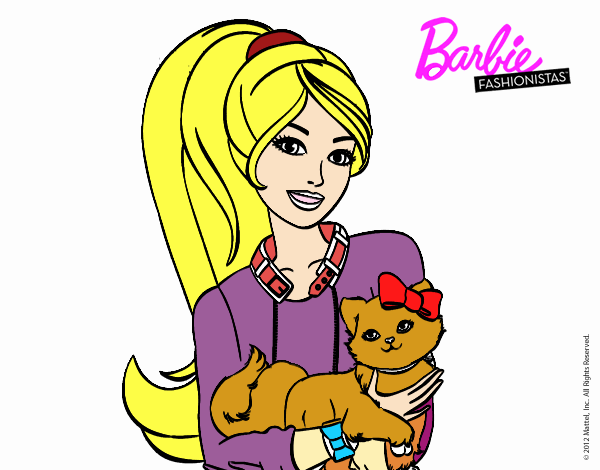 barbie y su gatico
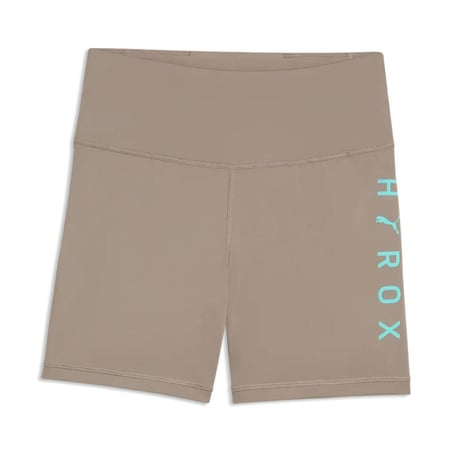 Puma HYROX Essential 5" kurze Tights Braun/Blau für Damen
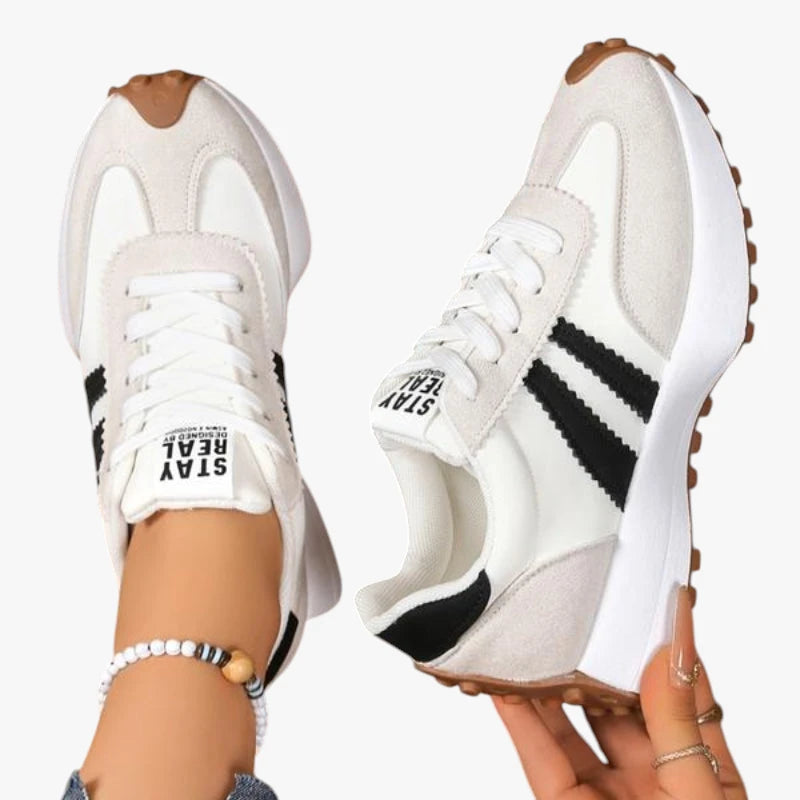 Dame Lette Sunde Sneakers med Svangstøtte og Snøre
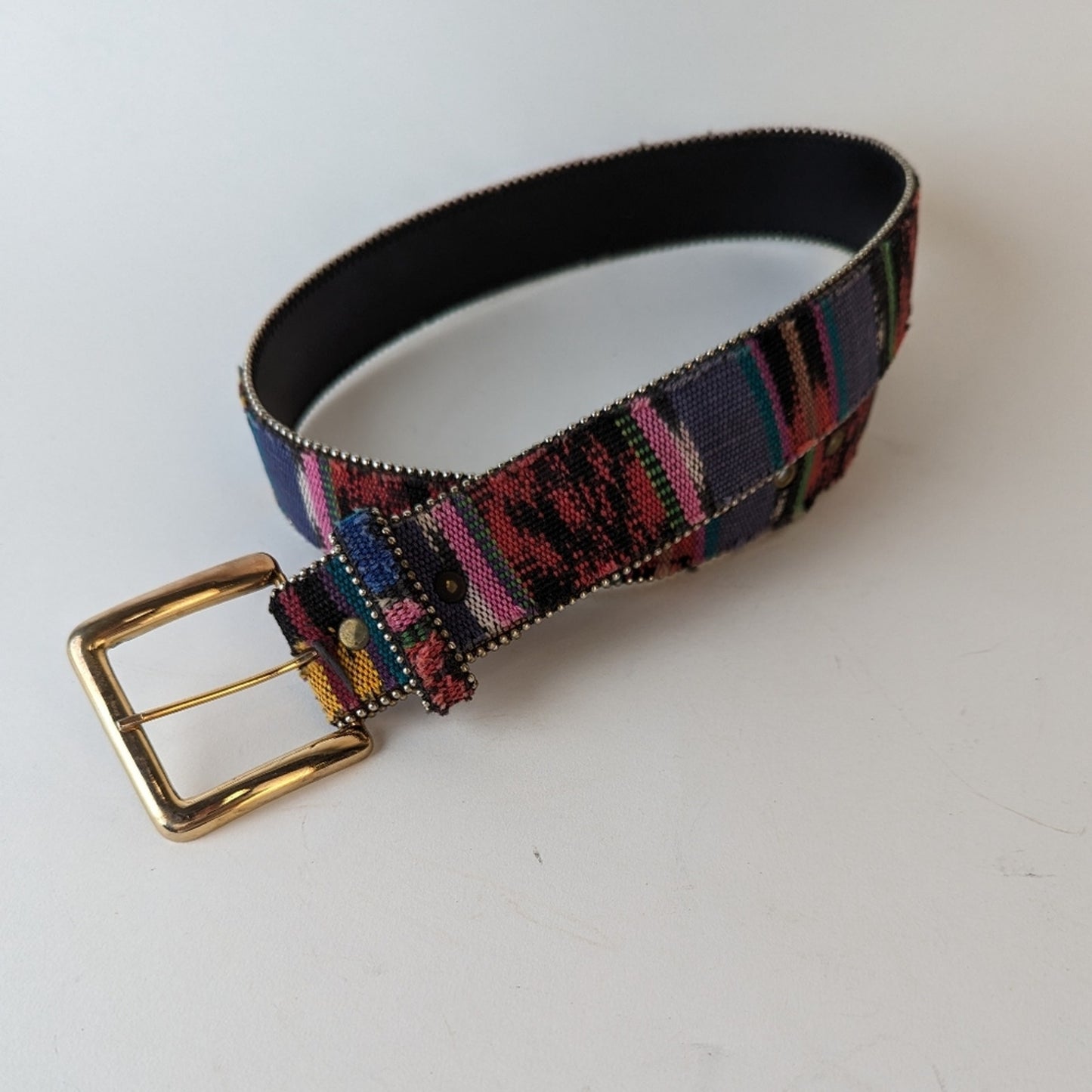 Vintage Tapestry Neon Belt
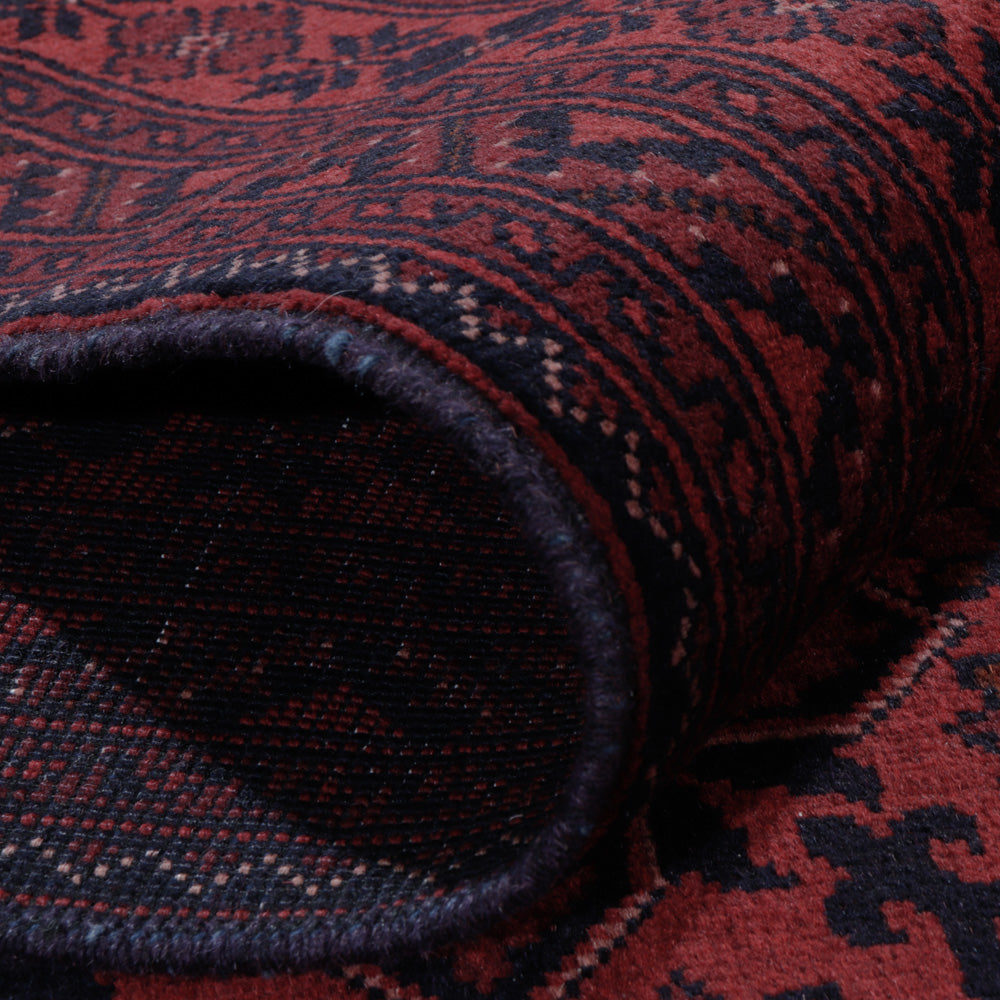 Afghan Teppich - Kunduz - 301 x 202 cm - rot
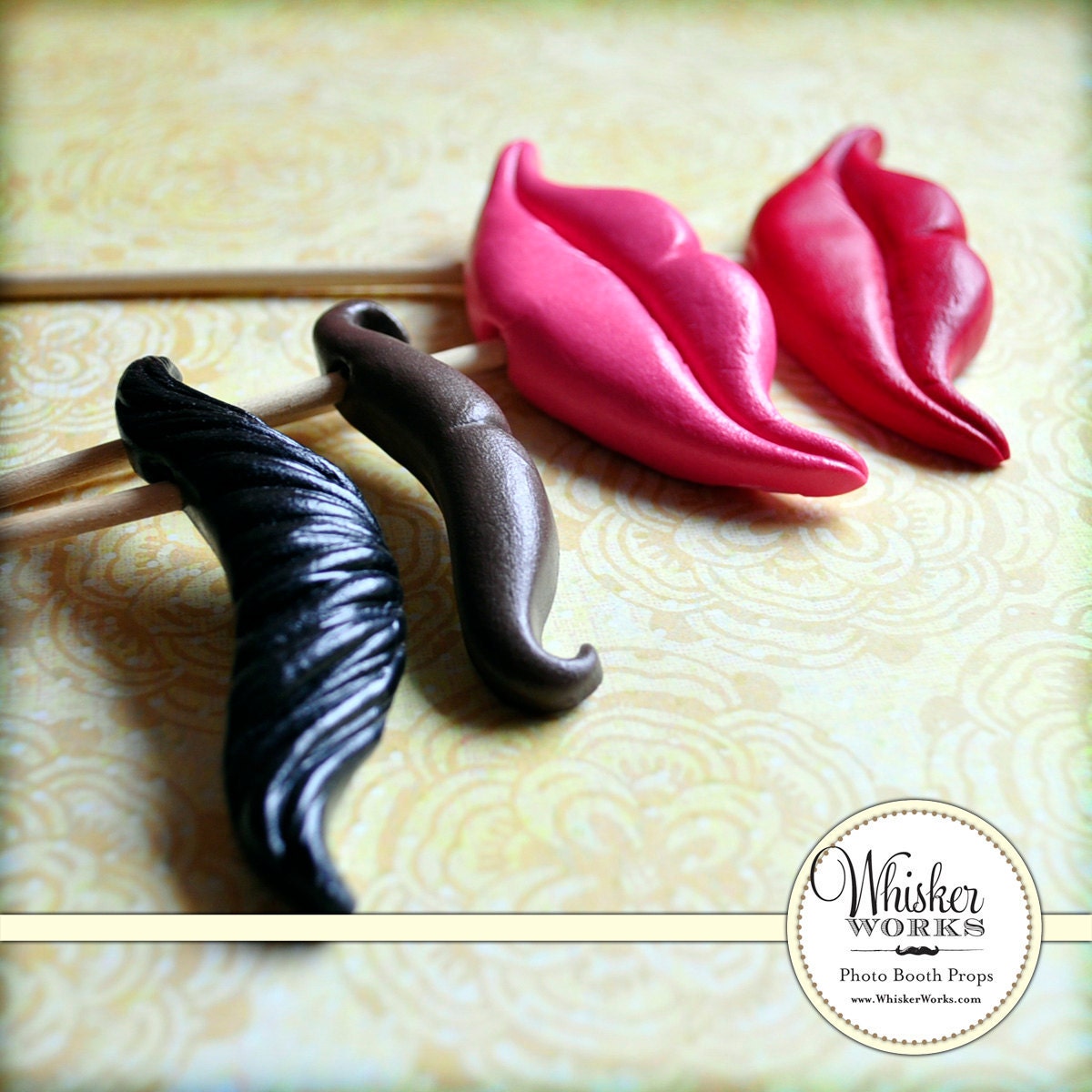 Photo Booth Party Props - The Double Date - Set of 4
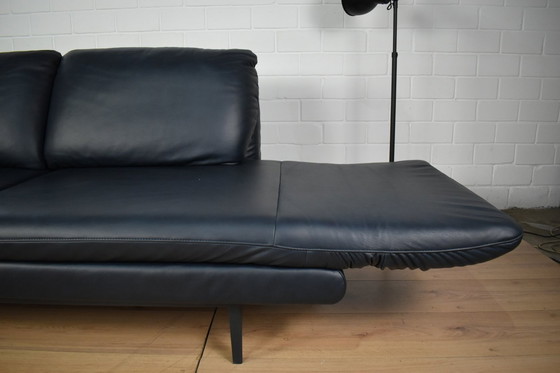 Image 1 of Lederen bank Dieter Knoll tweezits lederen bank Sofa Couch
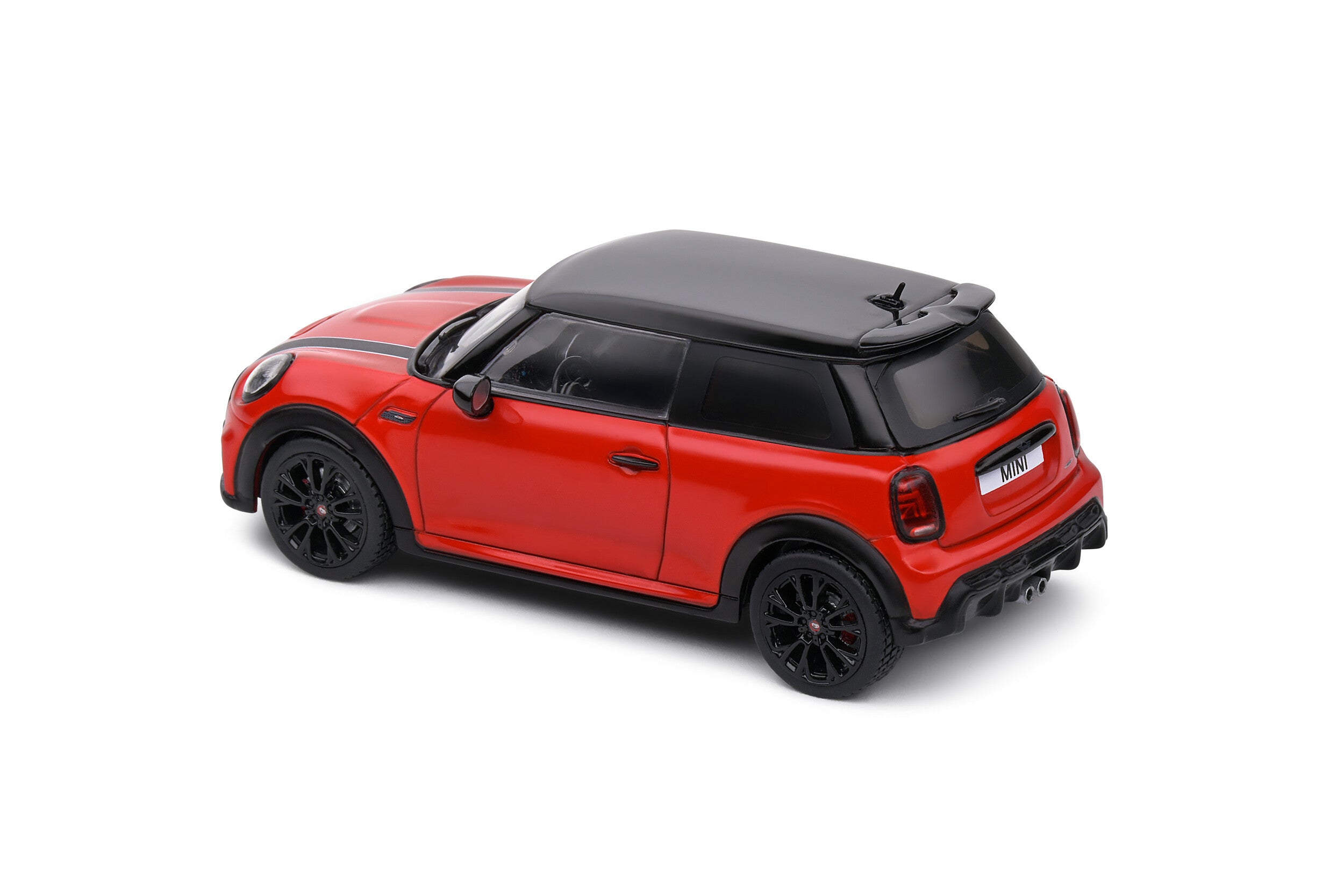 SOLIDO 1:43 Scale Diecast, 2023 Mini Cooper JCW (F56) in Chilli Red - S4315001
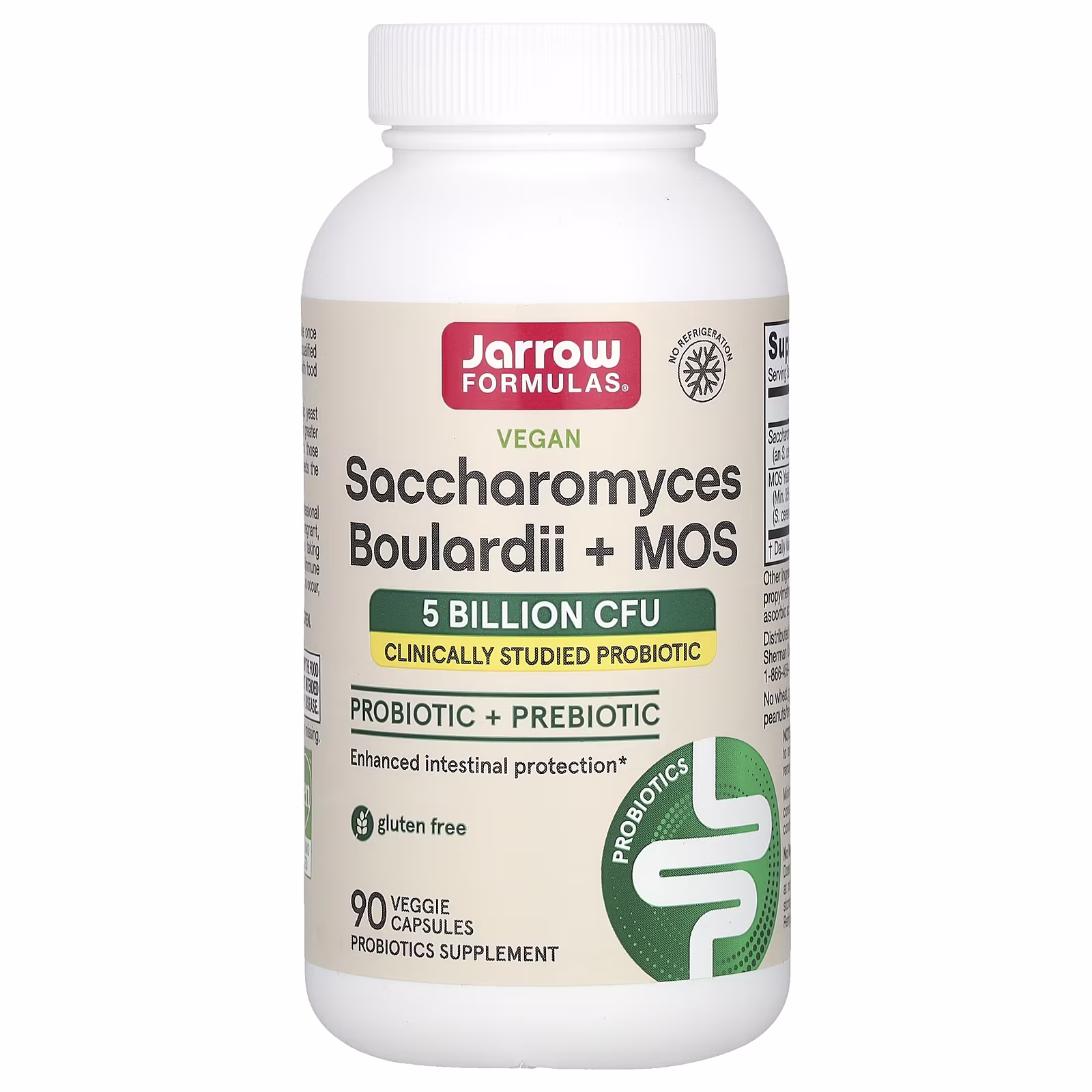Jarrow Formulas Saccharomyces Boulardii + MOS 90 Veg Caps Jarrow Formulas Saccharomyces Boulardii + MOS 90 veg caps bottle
※
• _TASK INSTRUCTIONS_: Transcribe every entry above exactly as it stands, but skip the images.

• _PROBLEM SOLUTION_:
 barbie y su gatico
 Puma HYROX Essential 5" kurze Tights Braun/Blau für Damen
 Dame Lette Sunde Sneakers med Svangstøtte og Snøre
 Vintage Tapestry Neon Belt
 Afghan Teppich - Kunduz - 301 x 202 cm - rot
 Photo Booth Party Props - The Double Date - Set of 4
 Image 1 of Lederen bank Dieter Knoll tweezits lederen bank Sofa Couch
 SOLIDO 1:43 Scale Diecast, 2023 Mini Cooper JCW (F56) in Chilli Red - S4315001
Jarrow Formulas Saccharomyces Boulardii + MOS 90 Veg Caps Jarrow Formulas Saccharomyces Boulardii + MOS 90 veg caps bottle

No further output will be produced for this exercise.